Cognitive functioning in the preclinical stages of Alzheimer's disease and vascular dementia

Abstract

This doctoral thesis concerns cognitive functioning in the preclinical stages of Alzheimer's disease (AD) and vascular dementia (VaD). It is based on five empirical studies using data from the Kungsholmen Project, a longitudinal population-based study of aging and dementia targeting persons 75 years and older, living in the Kungsholmen District in Stockholm, Sweden.

Although the cognitive deficits in the preclinical phase of AD are well documented, some issues have been neglected. One omission is that investigations of preclinical episodic memory deficits have focused solely on retrospective memory (remembering something from the past) and ignored prospective memory (remembering to perform an action in the future). Therefore, Study I compared retrospective and prospective memory functioning in preclinical AD. Prospective memory was impaired three years before the AD diagnosis. More interestingly, the prospective memory impairment was independent of impairment of retrospective memory. This suggests that prospective and retrospective memory partly involve different cognitive operations. Study 1 also showed that different processes within a retrospective memory task (i.e., encoding, storage, and retrieval) were impaired prior to diagnosis. Hence, these data indicate that the episodic memory deficit in preclinical AD generalizes across several important dimensions of this form of memory.

In contrast to AD, investigations of the preclinical phase in VaD have been sparse. Studies II and III demonstrated three-year preclinical cognitive deficits on a global measure of cognitive functioning (the Mini-Mental Status Examination), and on three measures of episodic memory functioning (random recall, word recognition, and face recognition) in VaD. Persons in the preclinical stage of AD demonstrated deficits in verbal fluency and visuospatial skills in addition to impairment in global and episodic memory functioning. However, even though the impairments seemed more widespread in preclinical AD, there were no statistically reliable differences between the two preclinical dementia groups.

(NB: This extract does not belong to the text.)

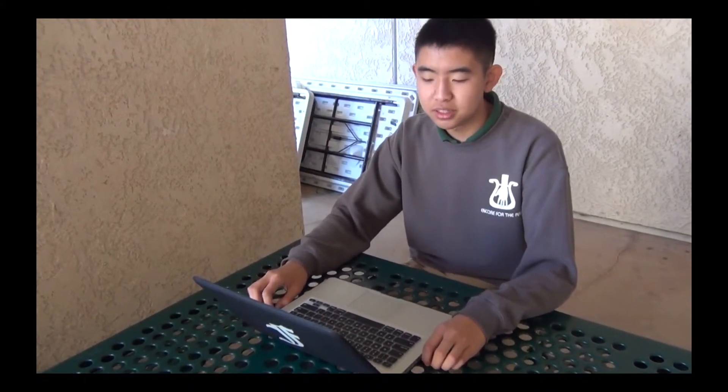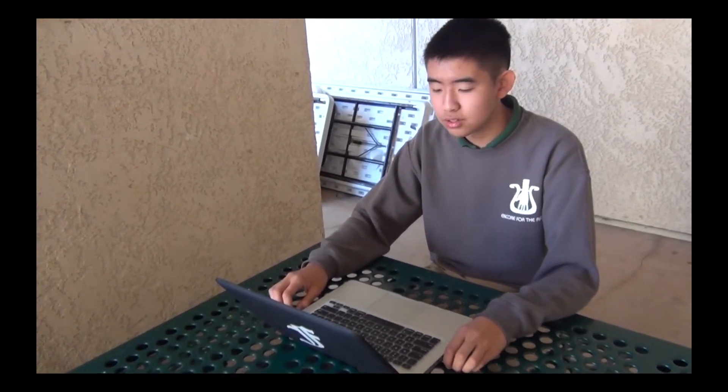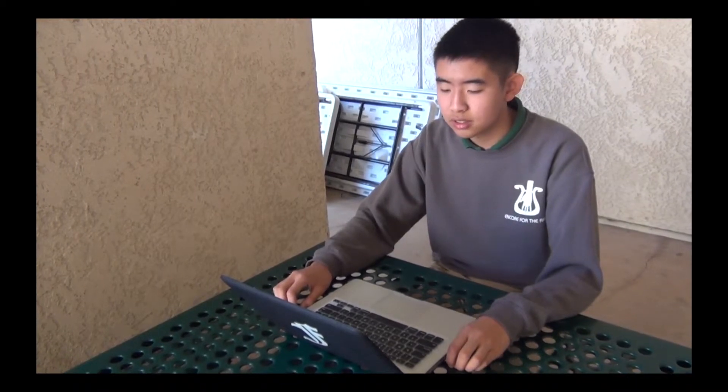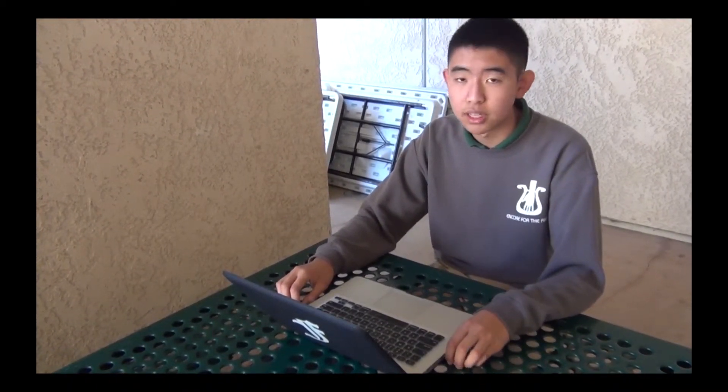Thanks, Thought Bubble. I'm Jonathan Lin, and I'm here to tell you that these newly designed GM crops will cause 2,4-D use to increase 50-fold with serious consequences. First, 2,4-D is 400 times more toxic than Roundup. It kills off numerous plants and animals in the ecosystem, including pollinators.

Although the cognitive deficits appear very similar in the preclinical phases of AD and VaD, Study IV demonstrated that verbal fluency could differentiate between the dementia disorders three years prior to diagnosis. Category and letter fluency have partly different neural underpinnings, although both draw on frontal lobe functioning. Whereas category fluency is more dependent on medial-temporal lobe regions, letter fluency is more dependent on frontal-lobe functioning. Category fluency was more impaired in preclinical AD as compared to VaD. This is consistent with histopathological and imaging data indicating that medial-temporal lobe regions are affected early in AD. Letter fluency was equally impaired in AD and VaD, which is consistent with findings of early pathology in the frontal circuitry in the prodromal phases of both diseases.

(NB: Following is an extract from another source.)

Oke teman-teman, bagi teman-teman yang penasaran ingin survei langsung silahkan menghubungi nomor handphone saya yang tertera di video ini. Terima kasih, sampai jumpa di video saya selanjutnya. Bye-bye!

Study V investigated whether individual-difference variables could influence the rate of global cognitive decline during the transition from preclinical to clinical AD. The results from this study demonstrate that many variables which are known to affect cognitive functioning in normal aging (e.g., sex, education, depression, vitamin deficiencies, substance use) or are known to increase the risk of AD (e.g., age, apolipoprotein E epsilon4-allele, poor social network) exerted little influence on the rate of cognitive decline. Thus, even at a preclinical stage, the emerging dementia disease appears to make people more cognitively similar. An exception to this rule was that comorbid diseases acquired during the last three years prior to diagnosis exacerbated the rate of cognitive decline.

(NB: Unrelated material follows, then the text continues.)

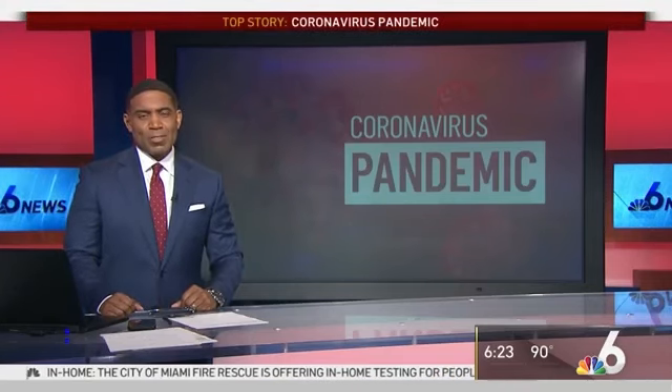All right, tonight a biohazard company is showing us what it takes to clean up a home or business if someone tests positive for COVID-19. NBC6 reporter Jamie Garola gives us a look.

In conclusion, in preclinical AD most, if not all, aspects of episodic memory functioning seem to be affected. Preclinical cognitive deficits, particularly in episodic memory, can be observed also in VaD. Hence, the similarities in cognitive deficits observed in the clinical stages of these diseases, may be extended to a few years prior to diagnosis. However, despite the similarities, measures such as verbal fluency may be useful in differentiating between the diseases in their preclinical stages. And finally, although most individual-difference variables exert little influence on rate of cognitive decline in the preclinical phase of AD, concomitant diseases may aggravate this decline.